--- Brief ---
It would help if you retyped the data exactly, leaving out the pictures.

--- Data extract ---
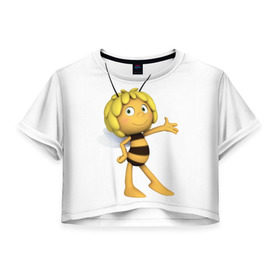 Женская футболка 3D укороченная с принтом Пчелка Майя в Белгороде, 100% полиэстер | круглая горловина, длина футболки до линии талии, рукава с отворотами | Тематика изображения на принте: пчелка майя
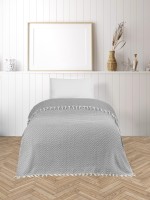 Prekrivač za franc. krevet 200x230cm sivi/beli Luxtouch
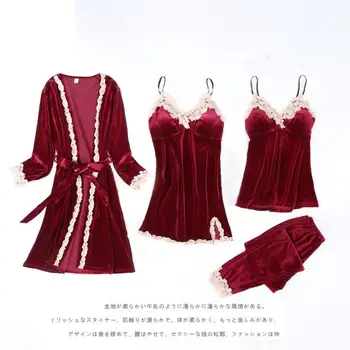 Jeseni, Pozimi Nova Pasja Pižamo Nastavite Seksi Žensk 4PCS Haljo bo Ustrezala More Mehko Kimono Plašč Velur More Priložnostne Homewear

--- Solution for this task ---
 Женская футболка 3D укороченная с принтом Пчелка Майя в Белгороде, 100% полиэстер | круглая горловина, длина футболки до линии талии, рукава с отворотами | Тематика изображения на принте: пчелка майя
 Prekrivač za franc. krevet 200x230cm sivi/beli Luxtouch
 Jeseni, Pozimi Nova Pasja Pižamo Nastavite Seksi Žensk 4PCS Haljo bo Ustrezala More Mehko Kimono Plašč Velur More Priložnostne Homewear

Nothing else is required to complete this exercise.